## Problem description
Keeping pictures out, repeat the lines of the listing below exactly, starting at its first line and finishing with the one that holds "Here's a nice".

:: Entries provided ::

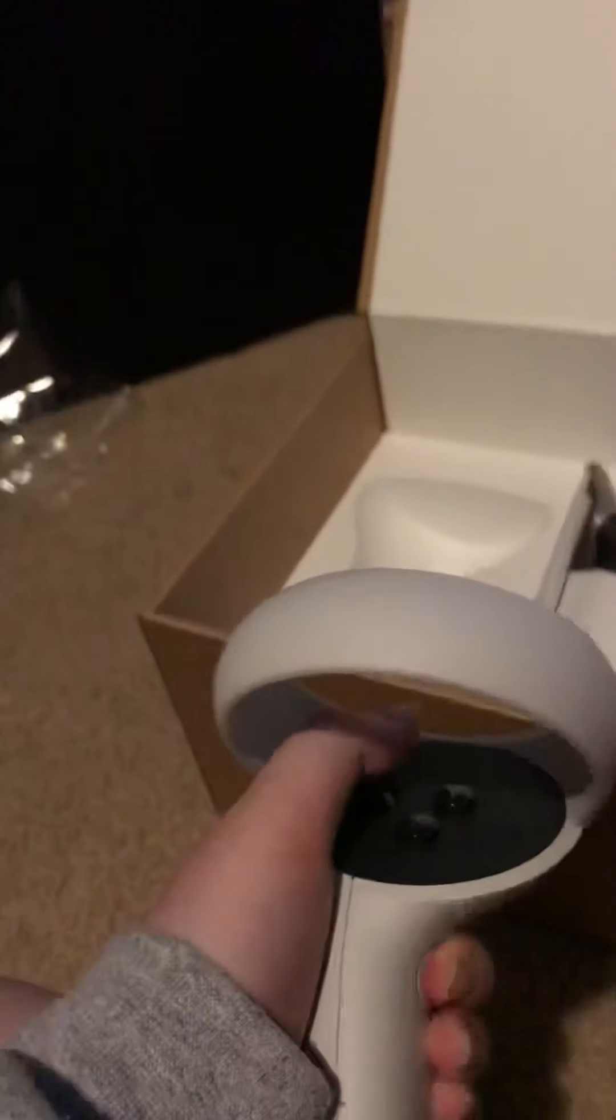Oh nice, so we got the controllers. This is really nice. And we got the headset.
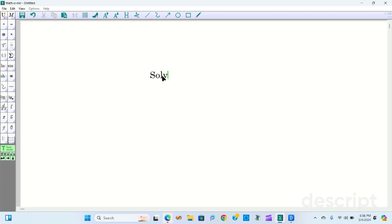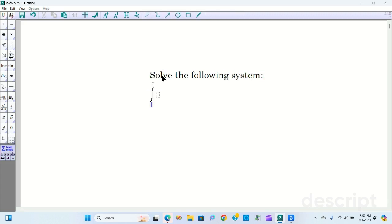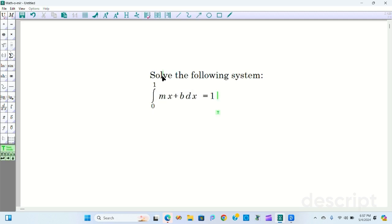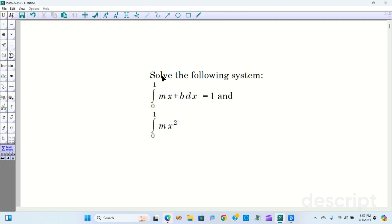Here's a nice quiz question. Solve the following system: the definite integral from 0 to 1 of mx plus b dx equals 1, and the definite integral from 0 to 1 of mx squared dx also equals 1.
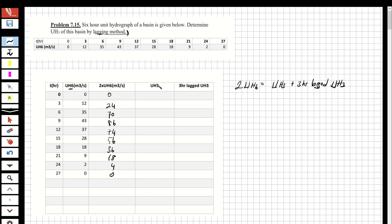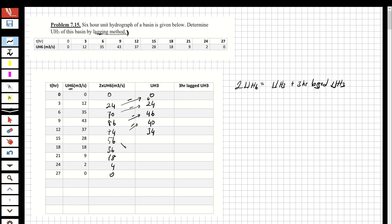Now I'll show how to obtain the three-hour unit hydrograph by subtraction. Starting from zero: 24 minus 0 is 24; 70 minus 24 is 46; 86 minus 46 is 40; 74 minus 40 is 34; 56 minus 34 is 22; 36 minus 22 is 14; 18 minus 14 is 4; and 4 minus 4 is 0.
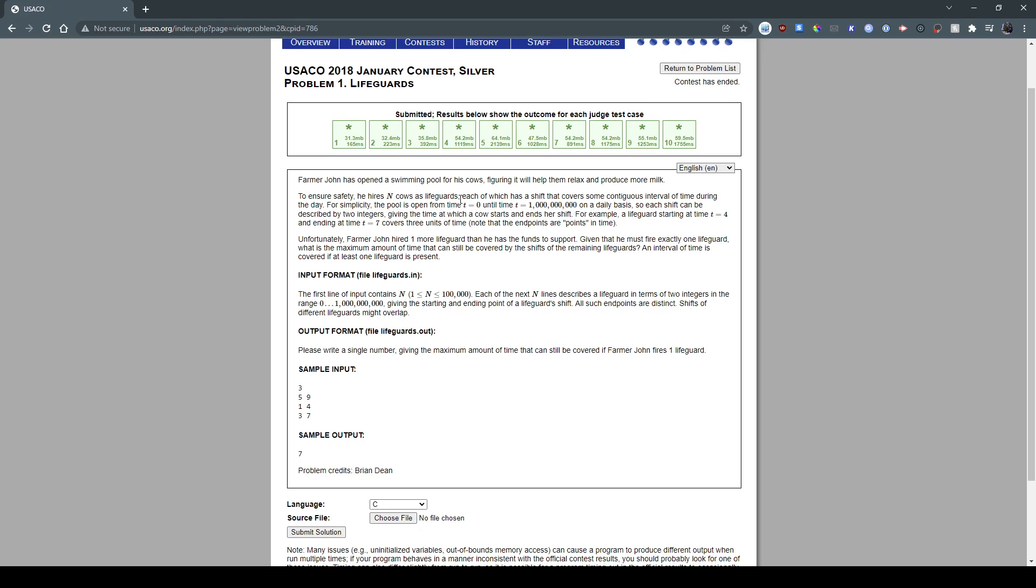And so these lifeguards are gonna cover a shift from time t equals 0 to time t equals 1 billion, and these lifeguards have a shift. So a shift could start at 4 and then end at 7, and that's the amount of time that that lifeguard was spent on duty. However, the problem is that Robert John hired one more lifeguard than he could actually pay for, so he has to fire one lifeguard. And the question is which lifeguard he should fire to have the maximum amount of time that lifeguards will be on duty.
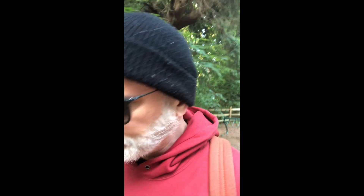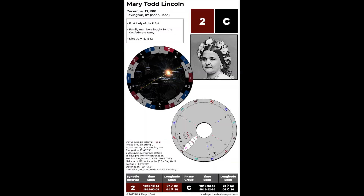Today's examples are Abraham Lincoln and his wife Mary Todd Lincoln. Abraham Lincoln was born in February of 1809, which makes him a black two interval, a setting B phase. And Mary Todd Lincoln was born in December of 1818 during a red two interval, setting C phase.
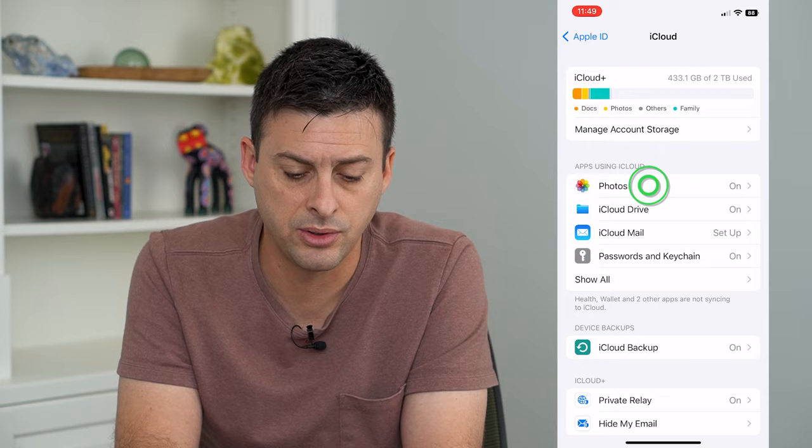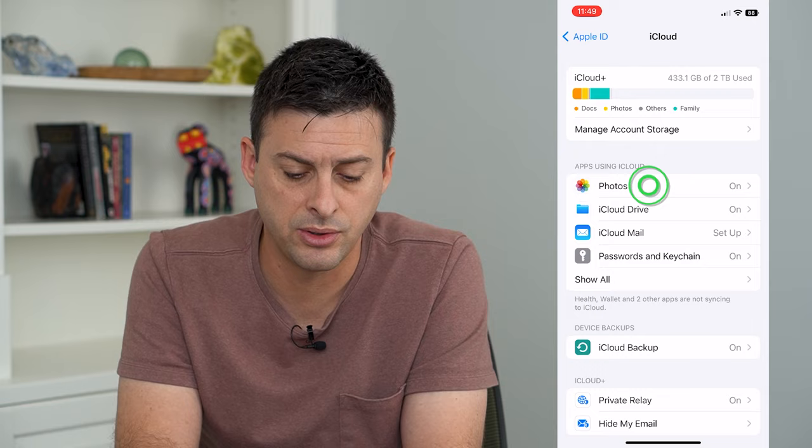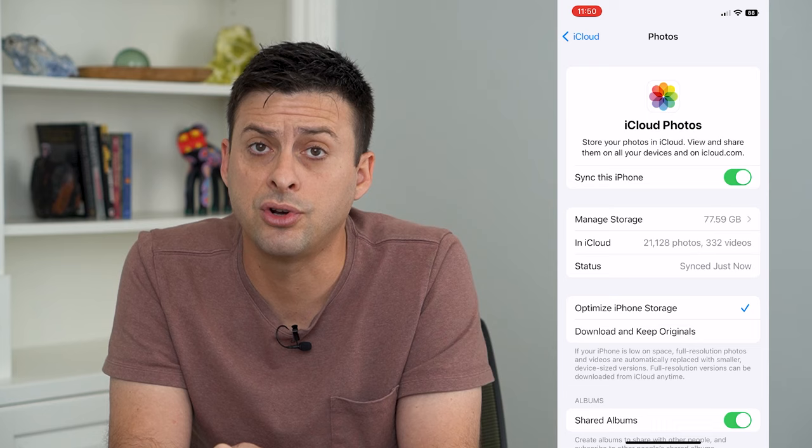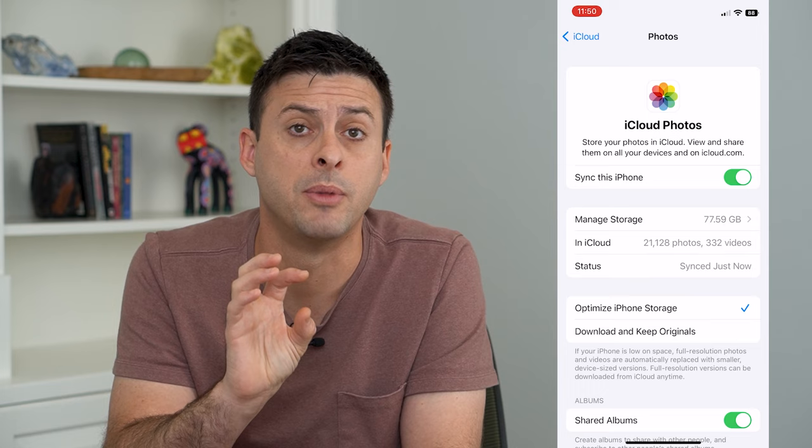But if you do have enough space, let's tap on Photos here. You can see Sync this iPhone is turned on. So if it's turned off, make sure you toggle that on and it will upload all of the photos from your iPhone up to the iCloud.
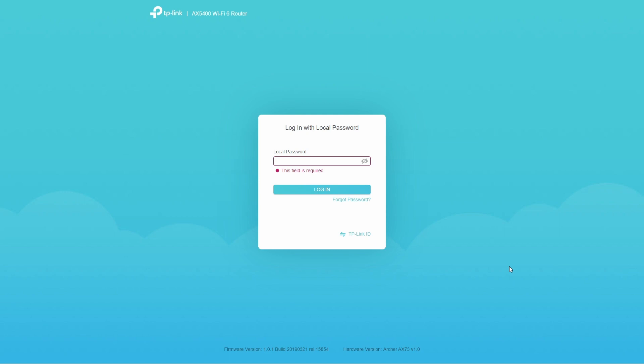Now this video assumes that your router uses this user interface that I have here. And by the way, I'm not using this on a real device. I'm just using an emulator on TP-Link's website just to illustrate the process. However, the steps should be similar for those of you who are on a real device.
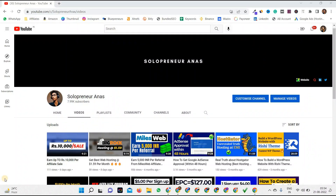Hey friends, welcome back to another video. Today I will be sharing with you one of the biggest and most useful digital asset marketplaces, useful to each and everyone working online — whether you're a freelancer, affiliate marketer, blogger, e-commerce business owner, or anything else. You must use this tool, and I'm sure you've heard about this awesome powerful marketplace.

:::

## Answer to this task
Oh nice, so we got the controllers. This is really nice. And we got the headset.
Here's a nice quiz question. Solve the following system: the definite integral from 0 to 1 of mx plus b dx equals 1, and the definite integral from 0 to 1 of mx squared dx also equals 1.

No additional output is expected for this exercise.